Directed by Andrea Bianchi [Other horror films: La tua presenza nuda! (1972), Nude per l’assassino (1975), Malabimba (1979), Maniac Killer (1987), Incontri in case private (1988), Massacre (1989), Gioco di seduzione (1990)]
This Italian zombie offering (commonly known best as Burial Ground: The Nights of Terror) has some fantastic special effects in both their zombie design and exuberant amounts of gore. Unfortunately, it doesn’t really offer up much aside from that.
Really, it’s hard for zombies movies to not feel derivative – at times, this felt like fellow Euro-horror forebears such as Tombs of the Blind Dead and Let Sleeping Corpses Lie/The Living Dead at Manchester Morgue (though in somewhat unique fashion, the former is a Spanish film while the latter an Italian-Spanish production), and of course emulated Fulci’s Zombi 2 and City of the Living Dead, along with taking some elements from Umberto Lenzi’s Nightmare City.
All of this is to say that you pretty much know what you’re going to get: a thread-bare story but great gore and effects, and by God, Burial Ground delivers.
Obviously, perhaps one of the most memorable scenes is a woman getting her nipple and breast tip gnawed off, but there are also plenty of scenes of zombies digging through peoples’ entrails (thinking Night of the Living Dead, only in glorious color), along with just general great use of gore. The zombies themselves have a great design too, looking both overly decayed, dried out, and decrepit, along with being inundated with maggots and seeping brownish liquid (which one can only imagine would be quite foul) when punctured.
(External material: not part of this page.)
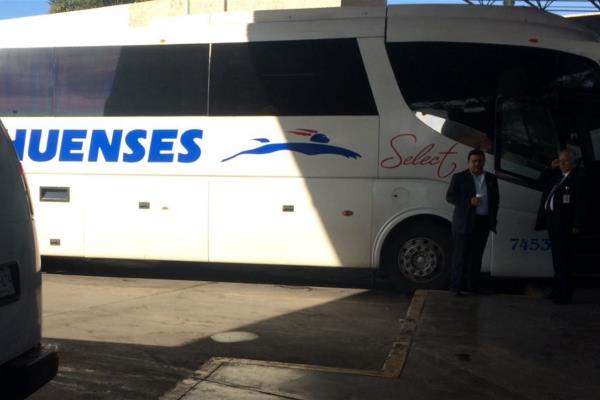 Fallece pasajero en autobús procedente de Durango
Most of the performances here aren’t really note-worthy in any way. One that just has to be mentioned, though, is Pietro Barzocchini (credited as Peter Bark in the film). Because of Italian laws that restricted the use of children in violent and sexual scenes, Barzocchini (age 25 at the time) was cast as a young child (I’m guessing he was supposed to be between the ages of seven and ten), which added such a strange, surreal feel to the scenes he was present in. It also allowed for a rather creepy scene where he tried to seduce his mother.
Oh, fun times indeed.
On a small side-note, I rather liked the somewhat low-key way this film ended. I can imagine it bothering some viewers, but it also plays into the whole hopelessness the characters felt throughout the whole film.
For a fan of classic horror, there’s a lot to appreciate about this movie, but Zombi 2 will always be my go-to when it comes to Italian zombie movies, no matter how good some of the effects here tend to be. Still, I definitely recommend giving this one a look, as really, you can’t go wrong with Italian zombie flicks from that golden era.